Table 1 Results of fitting confirmed cases of COVID-19 in the USA

SutteARIMA method was found to be the most appropriate method for predicting COVID-19 confirmed cases and DJI with a MAPE value of 0.56 and 0.60 (smaller than MAPE value of ARIMA) as shown through Tables 1 and 3. Therefore, the technique has been used to predict COVID-19 confirmed cases for five days (Table 2 and Fig. 3). Based on Table 3, the SutteARIMA method is also the most suitable method with a MAPE value 0.60 for DJI than ARIMA method. Therefore, it has been used to forecast the DJI stock from 05 to 09 December 2020 (Table 4 and Fig. 4). Finally, based on forecasting results of COVID-19 and DJI stock, we may conclude that SutteARIMA method is the most suitable forecasting method to forecast confirmed cases on COVID-19 and closing price of DJI in the USA. This can be verified by the value of forecasting accuracy measures (MAPE), and thus SutteARIMA method is considered as the best method for all data. Predicted values of COVID-19 confirmed cases and DJI stock Price has also shown in Figs. 3 and 4 respectively with 99% upper and lower limits.

Table 2 Forecast for confirmed cases of COVID-19 in the USA
Fig. 3
figure 3

Forecast for confirmad cases of COVID-19 in the USA (with 99% Upper and Lower Limit)

Table 3 Results of fitting data of DJI Stock
Table 4 Forecast for Closing Stock Price DJI in the USA
Fig.4
figure 4

Forecast for Closing Stock Price DJI in the USA (with 99% Upper & Lower Limit)

5 Conclusion

Prediction of COVID-19 and DJI in the USA can prove an intelligent idea for the policymakers in future. In fitting data of confirmed COVID-19 cases in the USA from 07 to 11 December 2020, the SutteARIMA is more suitable as compared to ARIMA method. In fitting DJI data in the USA from 02 to 06 December 2020, the SutteARIMA is found more suitable as compared to ARIMA method. Finally, SutteARIMA calculated daily forecasts of COVID-19 confirmed cases (07 December to 11 December 2020 i.e. 14,812,981, 14,996,471, 15,179,962, 15,363,452 and 15,546,942) in Table 2 and DJI stock price (05 December to 09 December 2020 i.e. 30,063, 30,052, 30,041, 30,030, and 30,020) for five days in Table 4.

6 Policy implication and further research

The findings of the paper will be helpful for policymakers in ascertaining the future impact and can be used as a tool in policy formulation.
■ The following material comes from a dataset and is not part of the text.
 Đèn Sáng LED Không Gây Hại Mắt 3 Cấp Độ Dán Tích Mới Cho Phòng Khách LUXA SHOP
Tracking changes in consumption and investment behavior and their impact on returns is important to devise and initiate suitable policy prescriptions for the target population. The current study opens new arena of research for examining relation of stock market and other economic indices in countries and economies across the world. This will help in getting a holistic understanding of the economic impact of the current pandemic with new and advanced indicators. For further research, this method can be compared with other methods, for example, Holt-Winters, α -Sutte indicator, NNAR, Theta, time series linear model (TSLM) or other forecasting methods.